I was fifteen when I finished my last high school textbook. I set it down with a huge sigh of relief. School was one of the greatest drains on my time. There were so many things I wanted to do—write books, travel, plant gardens, teach children…who has time for schoolwork?
My parents, however, weren’t quite ready for me to be a free-agent. So, instead of getting me “working papers” to allow me to get a full-time job, they extended my schooling. “You can graduate at sixteen,” my dad told me, “but until then we want you to enter the School of Servanthood.”
I’m sure he made the name up on-the-spot. He’s just like that.
The next day we went through our church directory and picked out four families with young children. Phone calls were made and my parents offered the families my help one day a week. I still had weekends and a weekday to myself, but the rest of my time would be spent helping and encouraging families in the Body of Christ.

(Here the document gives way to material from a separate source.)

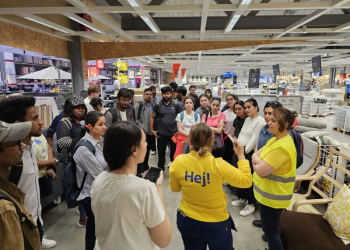 Wittenborg Students Explore Sustainability in Action During IKEA Amersfoort Visit Wittenborg Students Explore Sustainability in Action During IKEA Amersfoort Visit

As my father hoped, the experience was life-changing. That season of serving eased me into adulthood. My understanding of the world, and family, and life, deepened.
I did whatever was needed most. For one family, I usually mopped their floors and caught up on their laundry. For another, I watched the children for the day so the mom could go grocery shopping without having to unbuckle any car seats. Another family had newborn twins, and the mom struggled with postpartum depression, so I helped with the babies, told her jokes to make her laugh, and kicked her out of the house to go for long walks in the sunshine to help her hormones regulate. Another family had many health problems and had to be careful what they ate, so I helped grind flours and cook meals and bake special breads to keep in the freezer so they had quick things to eat for the week to come.
But it wasn’t just about what I could do for them, though hopefully I was an encouragement. It was also about what I learned from stepping into the homes of people from all different walks of life.
From one family I learned quick and efficient cleaning tips, how to organize a home, and homeschool children in a simple and structured way.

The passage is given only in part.